De acordo com Rosa e Tosta (2005) a disciplina de química passa a ser ministrada de forma regular no currículo do Ensino Secundário no Brasil, a partir de 1931, com a Reforma Francisco Campos. No levantamento histórico das autoras, foi possível perceber que nos documentos da época, os objetivos para o ensino de química parecem voltados para a apropriação de conhecimentos específicos, além da tarefa de despertar o interesse científico nos estudantes e de enfatizar a sua relação com a vida cotidiana. Na década de 1960, a primeira Lei de Diretrizes e Bases da Educação, que instituía o ensino profissionalizante em nível médio, conferiu ao ensino de química um caráter técnico-científico.

Em tempos mais recentes, o movimento de mudanças curriculares, iniciado a partir da publicação de documentos oficiais pelo Ministério da Educação, no final dos anos 1990 e início dos anos 2000, institui um discurso para a química que aponta para outros aspectos envolvendo a formação de competências e habilidades para o exercício da cidadania. Dentre outros aspectos, é destacada a importância de se compreender que a química está presente e deve ser reconhecida nos alimentos e medicamentos, nas fibras têxteis e nos corantes, nos materiais de construção e nos papéis, nos combustíveis e nos lubrificantes, nas embalagens e nos recipientes. (BRASIL, 1999, p.10). Ou ainda como uma habilidade específica de:

“identificação da presença do conhecimento químico na cultura humana contemporânea em diferentes âmbitos e setores, como os domésticos, comerciais, artísticos, desde as receitas caseiras para limpeza propagandas e uso de cosméticos, até em obras literárias, músicas e filmes” (BRASIL, 2002, p.92).
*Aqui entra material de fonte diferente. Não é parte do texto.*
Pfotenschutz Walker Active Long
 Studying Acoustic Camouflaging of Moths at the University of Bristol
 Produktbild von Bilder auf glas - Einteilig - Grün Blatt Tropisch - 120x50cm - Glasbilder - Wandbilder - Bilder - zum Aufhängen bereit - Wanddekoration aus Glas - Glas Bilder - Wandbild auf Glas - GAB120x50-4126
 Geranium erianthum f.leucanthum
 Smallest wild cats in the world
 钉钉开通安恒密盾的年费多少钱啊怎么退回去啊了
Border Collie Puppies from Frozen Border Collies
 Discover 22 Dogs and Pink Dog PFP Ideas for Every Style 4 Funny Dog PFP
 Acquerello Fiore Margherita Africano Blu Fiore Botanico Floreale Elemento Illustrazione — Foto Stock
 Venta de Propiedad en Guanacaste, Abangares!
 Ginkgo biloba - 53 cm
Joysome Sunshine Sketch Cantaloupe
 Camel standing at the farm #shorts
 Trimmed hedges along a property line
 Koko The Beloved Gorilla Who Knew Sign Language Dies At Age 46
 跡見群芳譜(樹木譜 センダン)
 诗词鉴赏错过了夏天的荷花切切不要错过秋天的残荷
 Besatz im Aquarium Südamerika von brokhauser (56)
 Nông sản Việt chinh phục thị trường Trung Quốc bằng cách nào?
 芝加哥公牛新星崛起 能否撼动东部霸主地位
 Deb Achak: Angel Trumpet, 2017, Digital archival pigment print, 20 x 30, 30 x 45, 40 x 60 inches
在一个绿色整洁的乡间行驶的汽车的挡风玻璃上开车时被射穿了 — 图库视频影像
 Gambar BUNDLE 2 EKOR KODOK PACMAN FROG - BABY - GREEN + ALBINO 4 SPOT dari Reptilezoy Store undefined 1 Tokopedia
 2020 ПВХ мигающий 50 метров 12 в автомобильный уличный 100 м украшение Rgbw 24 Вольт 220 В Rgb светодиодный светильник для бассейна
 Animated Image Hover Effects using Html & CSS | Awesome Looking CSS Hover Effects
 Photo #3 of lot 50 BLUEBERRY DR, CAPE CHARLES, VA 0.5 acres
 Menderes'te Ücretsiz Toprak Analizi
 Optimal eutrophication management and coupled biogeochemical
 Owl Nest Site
É importante salientar ainda que, de acordo com Lopes (2005), as disciplinas, de forma geral, compreendem saberes com bases epistemológicas mais ou menos explícitas, porém não são essas bases que definem a concepção de disciplina escolar, pois, as disciplinas escolares atendem a finalidades sociais decorrentes do projeto social da escolarização, não se constituindo em simples reprodução de divisões de saberes do campo científico. Apesar disso, reconhecemos e reafirmamos a estreita relação entre a perspectiva disciplinar da química e as concepções de natureza da química, isto é, o potencial que o ensino pode exercer na visão dos estudantes sobre o conhecimento químico, e sua dimensão epistêmica, estabilizando assim, compromissos epistemológicos, ontológicos e axiológicos diversos.